The concept of trophic levels*", the way that ecologists look at energy dynamics in an ecosystem, is more helpful. Trophic levels describe the energy efficiency of an organism in relation to available energy (unless you are a deep-sea vent microbe, this is defined as the amount of solar energy hitting the earth). Every step in the food chain is about 10% efficient.
Now, most of us know that more or less all of the Earth's available energy is made available by plants. Ecologists talk about Foundation Species, usually some ecosystem-altering dominant tree, kelp, etc. It now seems astonishing to me that I've never really seen anyone, even the most edgy scifi writer, describe Earth as being essentially a plants' world. Le Guin edges towards it at times, especially in The Word for World is Forest, a novel about a forest culture who's consiousness is linked somehow to the forest?(which I now think I should go re-read) and "Vaster than Empires," a short story about a planet with a single plant-based consiousness, (and whose title is taken from an excellent line in an obnoxious poem, "To His Coy Mistress": "our vegetable love would grow / vaster than empires, and more slow." )

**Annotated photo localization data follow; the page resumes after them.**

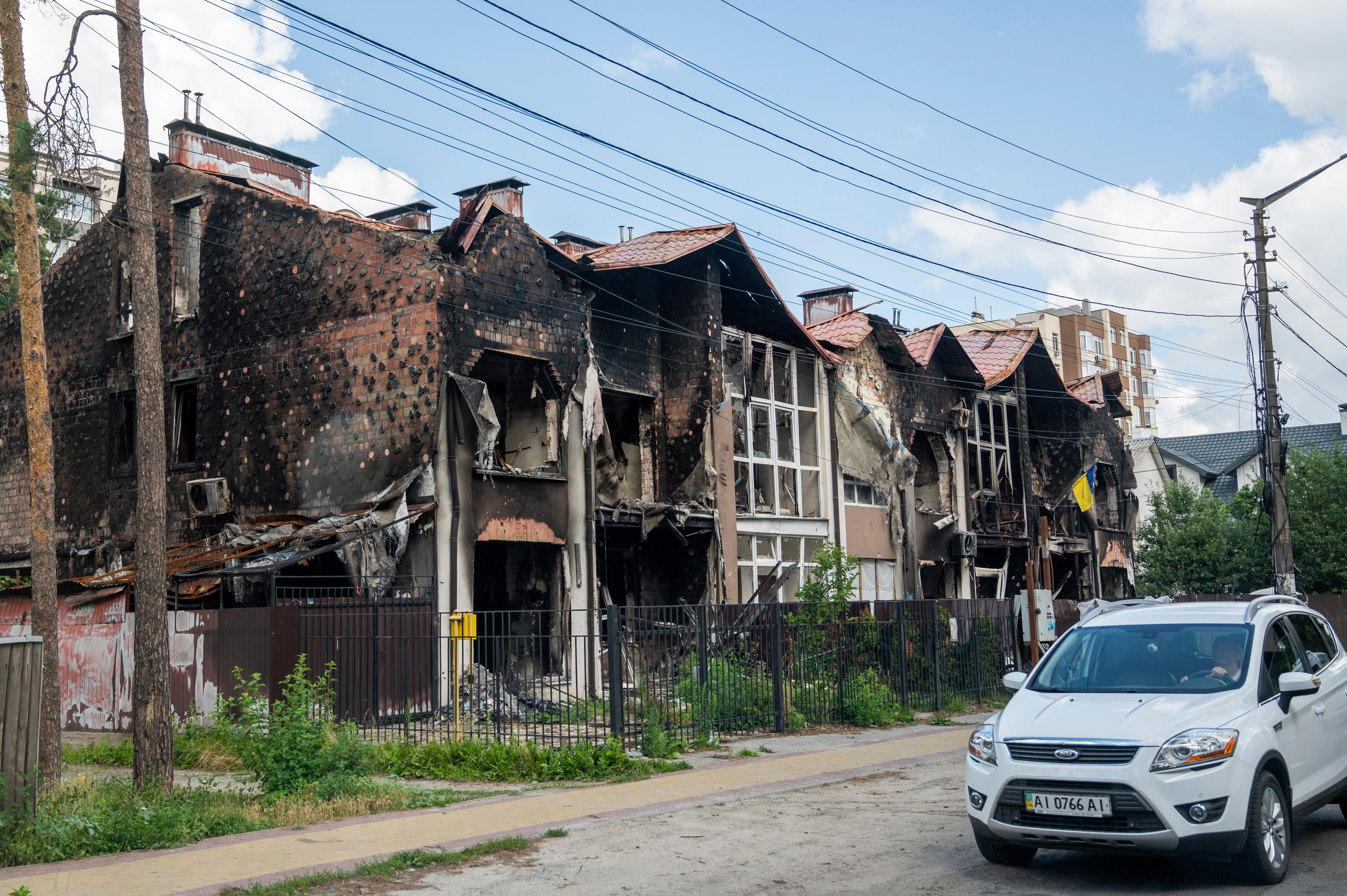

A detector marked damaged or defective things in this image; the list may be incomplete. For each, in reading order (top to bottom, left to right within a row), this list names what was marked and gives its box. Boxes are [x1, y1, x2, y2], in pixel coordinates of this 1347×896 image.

broken window [114, 258, 132, 335]
broken window [171, 198, 202, 318]
damaged roof [584, 224, 738, 269]
damaged roof [797, 310, 873, 348]
damaged roof [954, 327, 1034, 385]
broken window [110, 391, 135, 474]
broken window [171, 383, 196, 463]
broken window [727, 329, 819, 517]
broken window [964, 391, 1024, 531]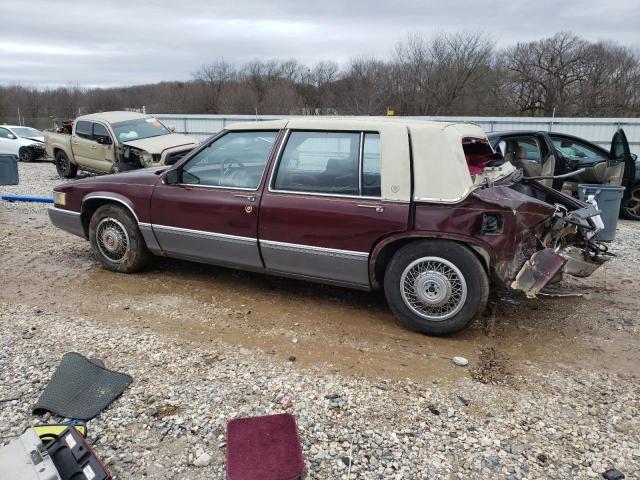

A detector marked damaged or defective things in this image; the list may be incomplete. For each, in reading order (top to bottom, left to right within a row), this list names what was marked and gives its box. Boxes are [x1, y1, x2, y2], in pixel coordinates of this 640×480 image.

Of course, there are always the folks who came up with the World Tree. A bit more sensible.

But where does that leave us, as far as organizing idea systems go? I could talk about entropy, which is probably pointless and which I will probably get wrong anyway, and about deforestation and civilization, fossil fuels and global warming, and all the other ideas about ethics and energy and loss which are spinning in my head. Its not that I want to idealize plants, either. Every plant out there is pretty much constantly engaged in all out chemical warfare with all of its neighbors.
I wish I could photosynthesize. Maybe some day I'll be able to approximate it with solar panels. But there is still a lot we can learn from plants. Persistence. Dormancy. Exuberant growth. I like to think of us as being like invasive species like ivy and blackberry, doing our best to make the world uniform and predictable, and maybe we can learn from that in a different way, as we try to eradicate it. Endless variety--every flower more absurd and beautiful than the last.
The thing I keep coming back to, though, is that if there is a good way to model your life, it is to try to be like a tree. To subtly alter your environment, to create shade, sugar, shelter. To transform the energy that comes your way not just for your own use, but in a way that can benefit the rest of the world.

*Wikipedia totally failed me on the trophic level thing. Their entry was AWFUL. One of these days I need to get a wikipedia account...

Sunday, June 21, 2009

Solstice


beansetc
Originally uploaded by inverted reptile
Another rainy/sunny, hot and cold day, and another dark photograph. It is just only getting to be really dark now, at 9:30. I like this photo because there are five edible plants in it, more or less harmoniously cohabitating. Can you find them? The feature plant is a purple bush bean, which I eat fresh or steamed. Some time I'll try to figure out what makes it purple--something deliciously healthy for you, I'm sure.
I like to take a little time on the solar holidays to think about the turning of the seasons, time's passage and various other organizing metaphors of life. I have felt somewhat less need to go out of my way to celebrate these holidays, giving how much of my life I've been spending outside for the last few years, and I didn't manage to do much today either.

Wednesday, June 10, 2009

I seem to think about writing in this thing primarily on gross rainy days. Therefore I won't foist another set of gray pictures on you. Instead, I will talk about something I don't have a good enough camera to capture anyway; pests.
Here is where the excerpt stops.